Meriem Ben Miled is an Aerospace engineer completing her final year of Master’s degree at ETH Zurich, currently a Visiting Researcher at NASA’s Jet Propulsion Lab. She holds a BSc in Mechanical Engineering from EPF Lausanne. Space enthusiast, Meriem has been engaged in many volunteer space related projects, included ARIS and the BMSTU Moscow summer camp.
Sandro Berchier is a Master’s student in Robotics, Systems and Control at ETH Zurich (Autonomous Systems Lab), currently a Visiting Researcher at NASA’s Jet Propulsion Lab and part of the Excellence Scholarship & Opportunity Programme. He holds a BSc in Mechanical Engineering from ETH Zurich and has previously worked for Bain & Company and McKinsey & Company.

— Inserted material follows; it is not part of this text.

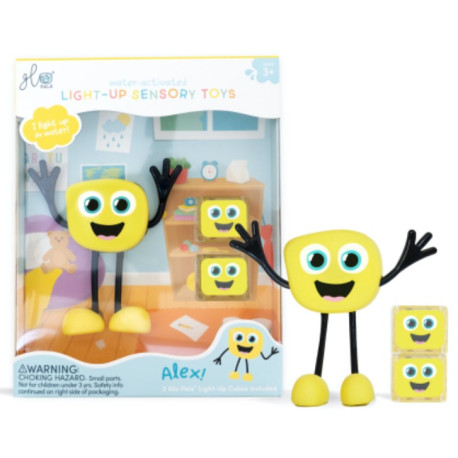 Glo Pals Alex Character Yellow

Daniel Hentzen is a Mechanical Engineering master student, currently completing his master thesis in NASA JPL’s Aerial Mobility group as a visiting student researcher from ETH’s Autonomous Systems Lab, focusing on robust flight control and estimation algorithms. During his undergraduate studies at ETH, Daniel was a battery engineer and team leader at AMZ Racing, ETH’s world-leading Formula Student Electric team.
Andrea Tagliabue is robotics engineer at Caltech/NASA JPL and he recently graduated in the Master’s programme of Robotics, Systems and Control at ETH Zurich. During his master, he was visiting researcher at U.C. Berkeley and research assistant at the ETH’s Autonomous Systems Lab. Prior to that, Andrea received a B.Sc. with honours in Automation Engineering from Politecnico di Milano and worked at ABB under the “dream-internship” talent program.